"Lightning Bolt"
Thing is, the life-blood of Pearl Jam’s best music has been either a combination of tension and angst or outright anger (and sometimes both.) It’s the reason the only truly gripping music they’ve released since Yield was found on their self-titled album from 2006. On Pearl Jam, they were irate at the state of things and it showed. It was their angriest album – musically and lyrically – since Vs.
This, of course, is why Lightning Bolt, much like its predecessor Backspacer, stands in such stark contrast to PJ’s best work. That is to say, there’s no inherently bad songwriting here, but most of it isn’t particularly interesting, either. This ultimately becomes the chief complaint here: four years and this is the best they got? A collection of mid-tempo rockers that semi-lazily stomp around in an attempt to display maturity paired with half-cooked experimentalism? ‘Getaway,’ ‘My Father’s Son’ and the title track are all dad-rock in the worst way: lukewarm guitar licks over percussion that plods around without fear of waking the neighbours. Meanwhile, ‘Pendulum’ and ‘Infallible’ try to further extend the art-rock posturing of Binaural; neither fully succeeds.

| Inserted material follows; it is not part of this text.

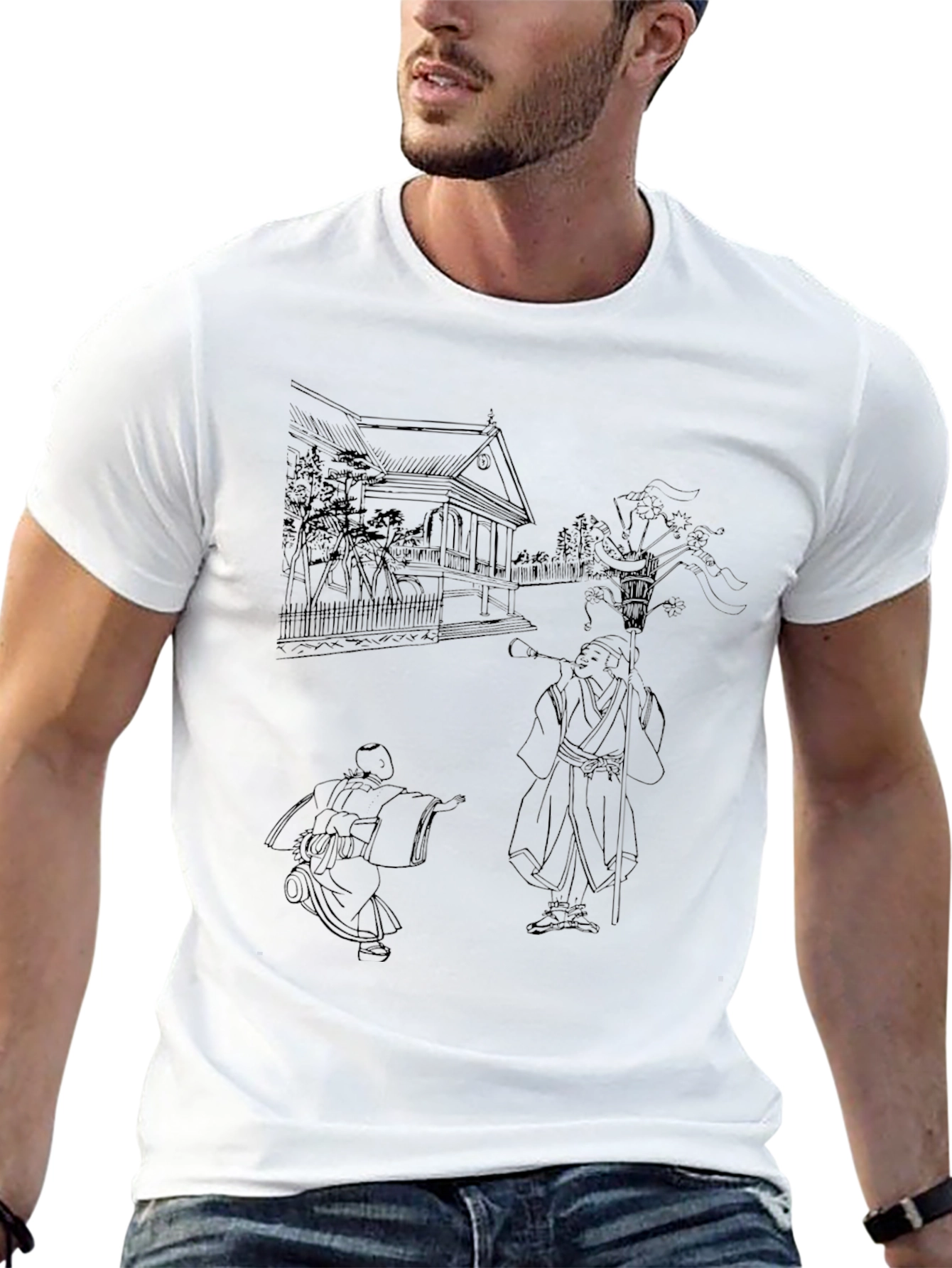 Japanese Art Style Graphic Black Tee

It’s frustrating, then, that while few moments on Lightning are worthy enough to stand next to PJ’s classics, these songs are expertly structured and composed. ‘Mind Your Manners’ is about as punk as PJ’s been in twenty years (and easily the best single from them since ‘Life Wasted’), and the transition to its bridge is immaculate. Same goes for ‘Future Days’ and ‘Let The Records Play’. Both demonstrate more-than-capable knowledge of how to properly work a climax into a song. Yet, it doesn’t change the fact the melodies are largely uninspired. With the exception of ‘Sirens’ – the only song here that has a chance of inducted next to PJ’s finest – and ‘Manners,’ none of these songs are memorable.

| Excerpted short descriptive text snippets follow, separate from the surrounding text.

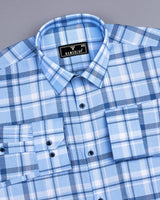 Marco Blue With White Check Dobby Cotton Shirt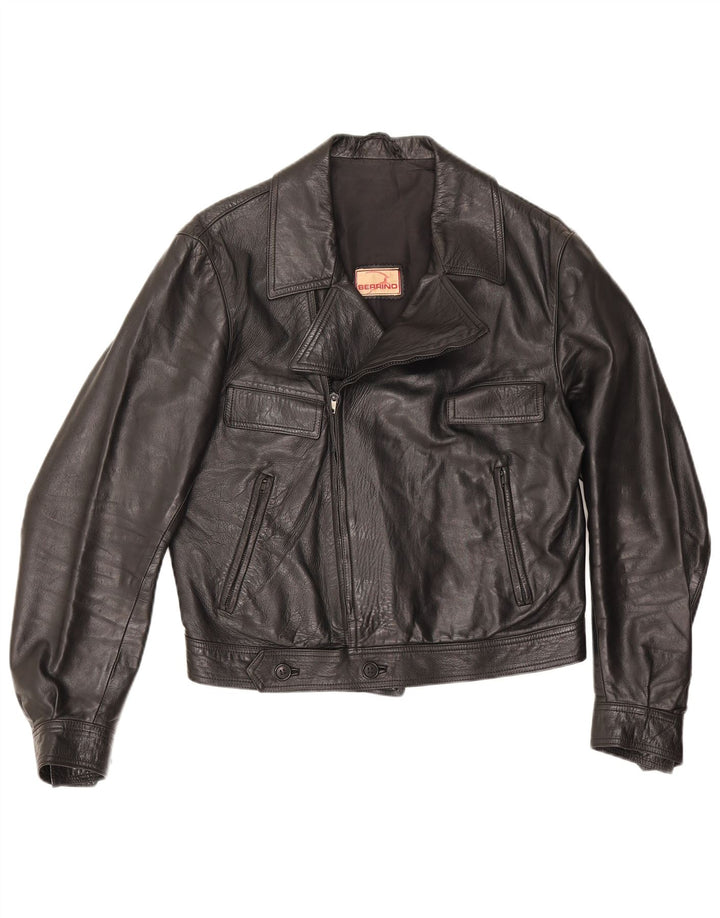 Berrino Herre Crop Læder Biker Jacket IT 48 Medium Sort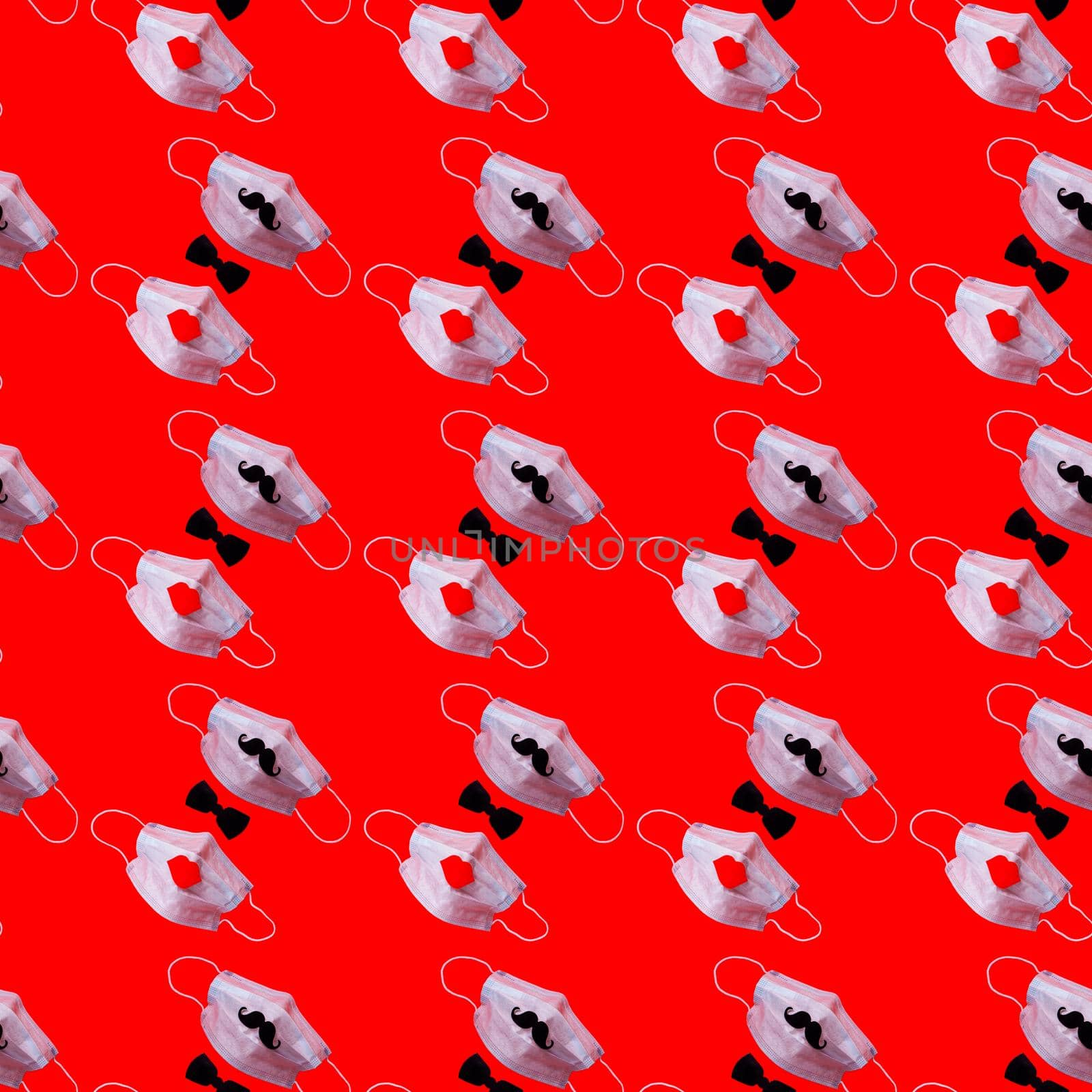 Surgical mask for the face of a gentleman and lady on a red background. Seamless medical pattern. by bySergPo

More concerning, though, are the lyrics. Look, I get that Eddie can’t be the same pissed off pissed off frontman he was when he wrote ‘Animal’ or ‘Whipping,’ or channel the supremely confused eyes of a teenager who lived through ‘Alive.’ He’s pushing 50 and he seems happy these days, fine. But that doesn’t justify a lyric like, “All the demons came around, now I’m grateful they left”. He apparently forgot the rule of “show, don’t tell.” Even worse is, “To and fro, the pendulum throws/ we are here and then we go/ my shadow left me long ago.” Worst of all, though, is, “Round we go/where we stop, no one knows”. Yes, that’s an actual line from a Pearl Jam album. There are a couple of great lines – as with any PJ record – but they’re buried under barely-there effort and borderline-naive optimism.
Which brings me back to ‘Alive.’ There’s a telling moment during Pearl Jam’s episode of “Storytellers” when Eddie explains how the meaning of ‘Alive’ has changed over the years. For him, the song started out as a curse, but over time he watched audiences connect with the chorus and realized that maybe surviving is a victory in itself. “They lifted the curse,” he declares of his fans. He’s overcome pain, suffering, and trauma and come out on the other side. He seems almost well-adjusted, and good for him. Problem is, sometimes great art comes from great pain, and in Pearl Jam’s case you can’t have one without the other.